What happens is that they go out on a date with someone new, have a great time, and come back to discover their old partner’s a wretched mess. And then they go out for drinks and dinner with the old partner, and the old partner spends the entire time moping, asking plaintively if they’re really having a good time, they just feel so insecure these days…
…let’s talk about The Relationship.
(If I sound a bit harsh here, I assure you: I am this person.)
And slowly but surely, the old relationship transforms into this leaky boat with no lighthouse, just a lot of work to keep this pitching, yawing boat afloat, and they wonder “Wait, why am I stuck on Leaky Boat when there’s a wonderful yacht over there?”
And the problem is that the wonderful yacht is, in truth, often just as leaky as the boat you just left – you just haven’t been asked to do any patchwork on it yet. You’ll see a lot of partners swimming from boat to boat, continually astonished that whoah, this boat is a fixer-upper too.
As someone who tilts towards the “neurotic” end of the spectrum, I am not saying never to talk about The Relationship.
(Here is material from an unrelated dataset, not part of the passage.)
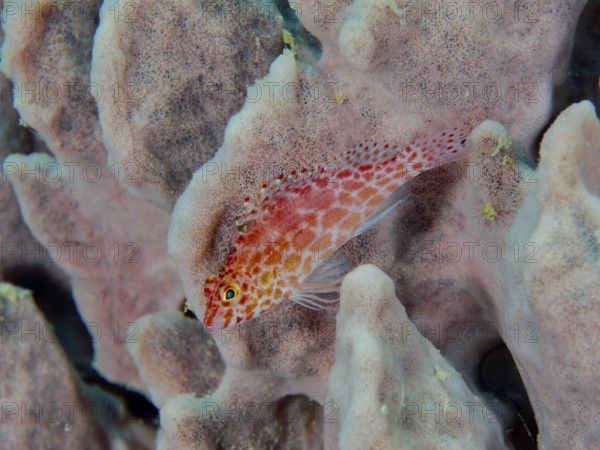 A small red fish, Spotted Coral Guardian (Cirrhitichthys oxycephalus), rests on a sea sponge. Close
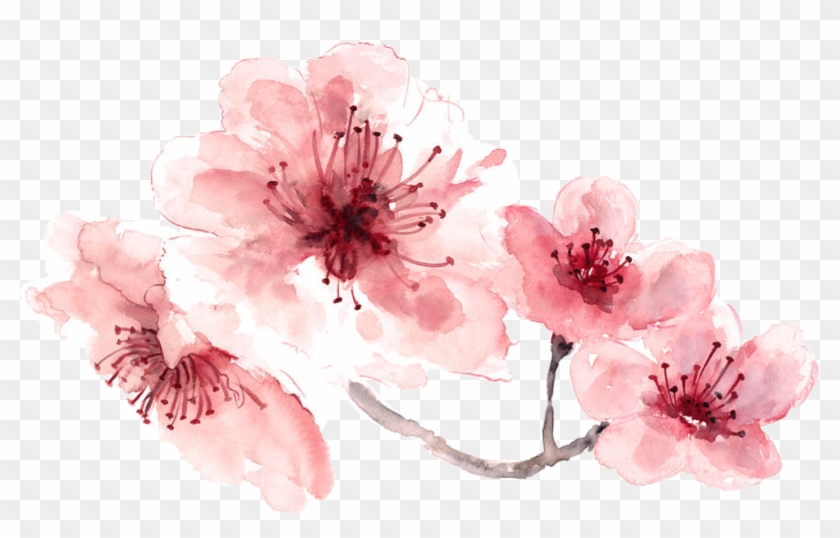 15 Pink Watercolor Flowers Png For Free On Mbtskoudsalg - Transparent Flowers Png Watercolor Clipart #147265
Sometimes, you’re insecure when your partner goes out, and you need to talk about it. Sometimes you gotta do the heavy work of patching a leak before it capsizes the relationship.
But what I often see beginning poly couples do is getting so wrapped around the axle of “What if they leave me?” – spending so much time comparing everything they do to this new person, they forget to reserve time to do the wonderful experiences that only they can provide for each other.
Truth is, your partner started dating you because they saw something wondrous in you – and the trick to most successful poly relationships is making that homecoming feel more like a joy than a chore.
You have to talk, sure. You have to negotiate, sure. Don’t eat your feelings. But don’t make my idiot mistake and forget to also go out for dinner and a movie and some sexy cuddles along the way, because once your relationship turns into The Relationship, it’s awful hard to keep it afloat.

1 Comment

  1. keth
    Jun 22, 2016

    I’ve often thought that THE Relationship becomes like a third person, almost, in a relationship of two, in that it takes on a life of its own, needs to be fed, nurtured, and remembered, constantly – and that’s with a mongamous relationship. God help those who do polyamory, with more THE Relationships to deal with… ! I simply do not know how you do it, how you manage the time and so on. But I do agree: sometimes it does the world of good to shut THE Relationship in the house and go out on a date with your beloved. Thank you!